Rev. Paul Purdue, senior pastor at Belmont United Methodist Church signed the statement and says that the legislation is “oppressive and unjust” towards specific groups. He further stated, “Jesus’ great commandment is to love God and to love our neighbours as ourselves, if we love people, we offer them the same rights that we expect.”


The Guardian reports: ‘Christian right summit in Verona draws massive protest’

Around 20,000 people protested in Verona against the World Congress of Families (WCF), an American coalition, which is anti-gay, anti-abortion, and anti-feminist.

The WCF promotes values of the Christian right, and is supported by the far-right League, a partner in the Italian Governments coalition.

The protests were brought together by seventy rights movements from across Italy, with Luisa Rizzitelli, a spokesperson for Rebel Network saying, “The only positive thing to come out of this event is that all these groups have come together, and Italy is uniting,”

The congress’s self-declared goal is to “restore the natural order”, with speakers going against same-sex relationships, feminists, and abortion.

Campaign manager for All Out, a gay rights’ association, Yuri Guaiana stated,

 “They’ve said terrible things about homosexuality, divorce and contraception, and yet they [those involved with WCF] played the victims, saying we were attacking them simply for defending the family. This is why it’s important to protest – to show that Italy is not going to surrender to hate.”


Religious News Service reports: ‘Man sentenced to life in prison for murder of Muslim teen Nabra Hassanen’

Darwin Martinez-Torres murdered Nabra Hassanen on the 17th June 2017 during Ramadan and was sentenced on Thursday with four counts of capital murder, and four collateral crimes.

Since the attack Muslim rights groups feared it was driven by anti-Muslim sentiment, however law enforcement stated that it was a “road rage incident”, and there was no evidence found that it was a hate crime.

Martinez-Torres took a plea deal which gave him life-sentence, but spared him the death-sentence in 2018, this requires him to answer any questions the victim’s family has over the next year. The Hassanen’s legal team hope to use this as an opportunity to see if the attack was driven by Islamophobia.

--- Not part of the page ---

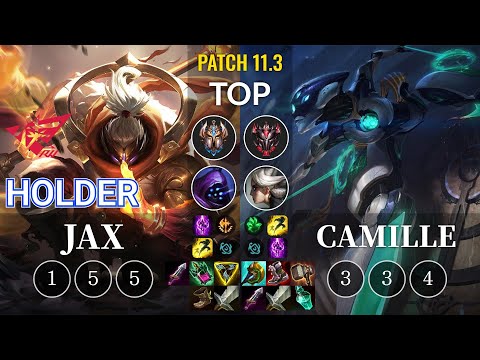 RW Holder Jax vs Camille Top - KR Patch 11.3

Ray Morrogh, Fairfax County Commonwealth Attorney, stated after the hearing that “the question of possible Islamophobia” is still up in the air, moreover “The sorrow from this case will ripple through this community for a hundred years … [the Muslim community here is] going to stand together and get through this somehow.”


Religion News Service further reports: ‘In Mexico, modern witches celebrate ancient rites of spring’

This article describes and illustrates the ceremonies performed by sorcerers, witches, shamans, and so on, during the first Friday of the third month this year (Friday 1st March 2019) in the small town of Catemaco in Mexico, where people gather at “La Punta”, the spiritual centre of the town.

Here, rituals such as ‘Black Mass’ take place, as a senior sorcerer takes the lead to offer thanks for the gift of “Mother Earth, water, fire, and air”. The article further states that such ceremonies have the aim of getting rid of negative energies, and to cleanse the souls of the participants.

During the black mass, a pentagram of fire is made to symbolise the closing of a portal.

At the ceremonies, offerings are made to Mother Earth in the form of food, and tarot card readings take place.

The rites held here mark the alignment of the planets and praise the start of spring.


And finally,


The Independent reports: ‘Number of Religious marriages hits an all-time low as couples favour more ‘social’ ceremonies’

Religious marriages in the UK are at an all-time low, as 24% of marriages in 2016 were religious ceremonies according to the Office of National Statistics, with 60,069 religious marriages falling by 4.1% from 2015, and by 48% from two decades ago.

According to the Office of National Statistics, there is a long-term decline in the number of marriages, while there is a rise in the popularity of civil ceremonies, with civil marriages outnumbering religious marriages every year since 1992.

There is no definitive explanation for the decline in religious ceremonies, the rising costs of weddings is a likely factor, with the average UK wedding costing £32,273.